Lara Cotera. E.E.
Este año ha sido para mi frenético y trepador. Llegaron un montón de cambios sin avisar que incorporé bajo el cronómetro. Seguí adelante, cerré etapas y abrí puertas, muchas. Entendí que lo que sucede, cuando se vive a conciencia, se decide: hay que bailar al compás de lo que marca la vida. Hice miles de kilómetros y fui feliz al otro lado del trayecto. También traté de encajar donde ya no cabía. A cambio, otros horizontes emergieron amplios y luminosos: personas y lugares que me hacen caminar a grandes zancadas y bailar sin miedo al ridículo.
La familia es uno de estos lugares y tiene el poder de ser campo y cielo al mismo tiempo: la raíz y el viento que mueve todo lo que crece en ella. Llamamos normalidad a los usos y costumbres que nos inculcaron desde pequeños y, cuando crecemos, convertimos en nostalgia o en hábitos todo ese legado.
La Navidad siempre nos pone a prueba porque no podemos fingir lo que somos cuando estamos en familia: pertenecemos a un sistema imperfecto pero sólido en su funcionamiento que nos hace ser como somos de forma inconsciente. Por eso, pasamos la segunda parte de la vida siendo conscientes de todos esos pequeños resortes que metimos (y metieron) en nuestros libro de instrucciones desde la cuna.

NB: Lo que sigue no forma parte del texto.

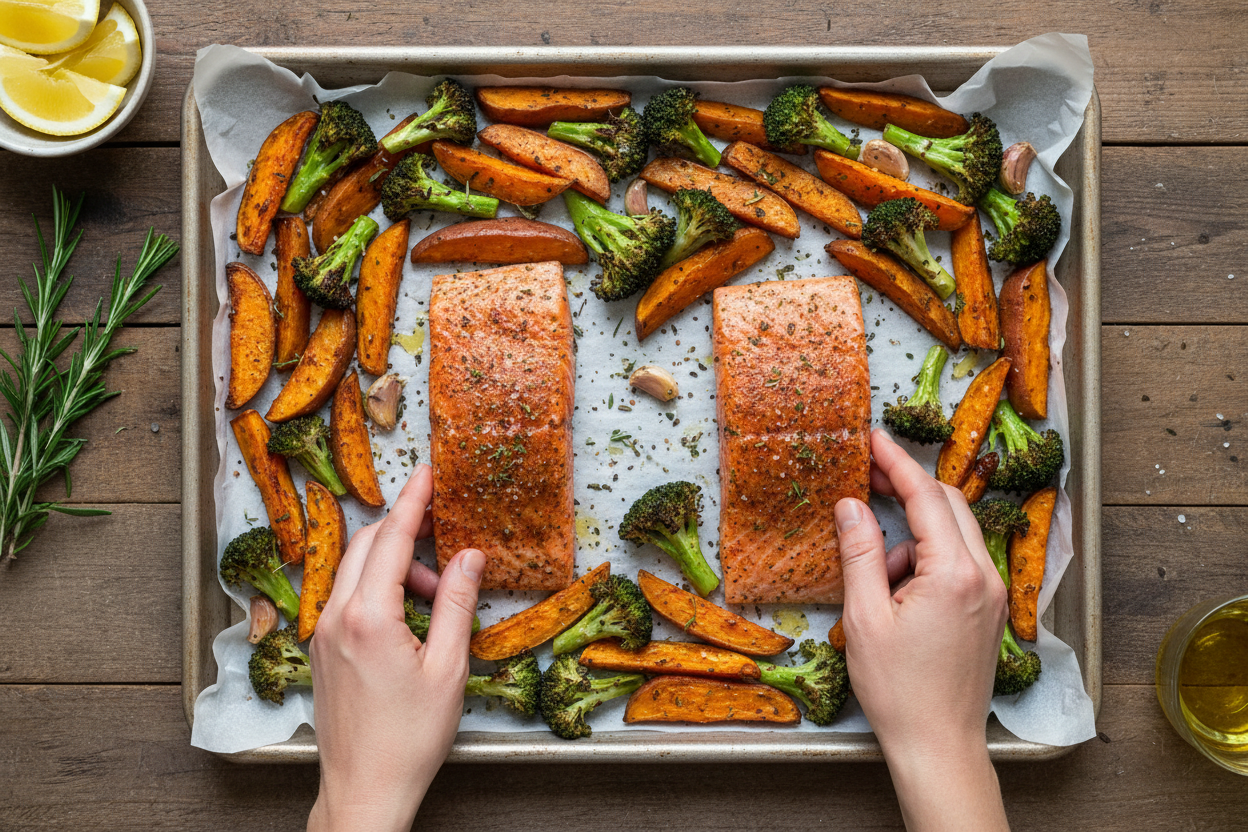 Sheet Pan Salmon with Sweetpotatoes and Broccoli preparation step 2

En Navidad, además, siempre faltan algunos y llegan nuevos, y en esa ecuación tomamos partido por el pasado o por el presente. Alguien dijo una vez que hay dos tipos de personas: las que tienen miedo a la vida y las que tienen miedo a la muerte. Y nuestra querencia por cualquiera de los dos polos condiciona lo que hacemos.
Veo estos días las calles llenas de gente comprando sin tregua. Las tiendas a rebosar: descuentos, ofertas, regalos y últimas llamadas para consumir que no hemos pedido. Hablamos de los niños hiper regalados, pero hablemos también de los adultos que canjean la presencia que no dieron este año por un cofre con perfume y ácido hialurónico, que algo hará también contra las arrugas de esas relaciones agrietadas y desteñidas tras doce meses de desencuentros.
No obstante, todavía quedan lugares para algún intercambio desde el alma. Por ejemplo, el que ofrece la asociación Atrapavientos del 26 al 30 de diciembre en la plaza del Pilar con su tradicional intercambio de libros, un enorme amigo invisible literario por el que ya han pasado más de 16.000 personas en estos años.
Prueben, vayan solos, en familia o con amigos. Elijan un libro significativo para ustedes, dedíquenlo explicando por qué fue importante su lectura y elijan al azar el de otra persona, a ver qué descubren. Tómense el tiempo de envolverlo con cuidado y escribir con buena letra lo que les hizo sentir. Y compartan: es gratis.
No es como un brindis con champagne o el asado de una madre en Navidad, pero les aseguro que sabe a todo lo bueno que nos dejaron las historias que nos marcaron. Feliz Navidad.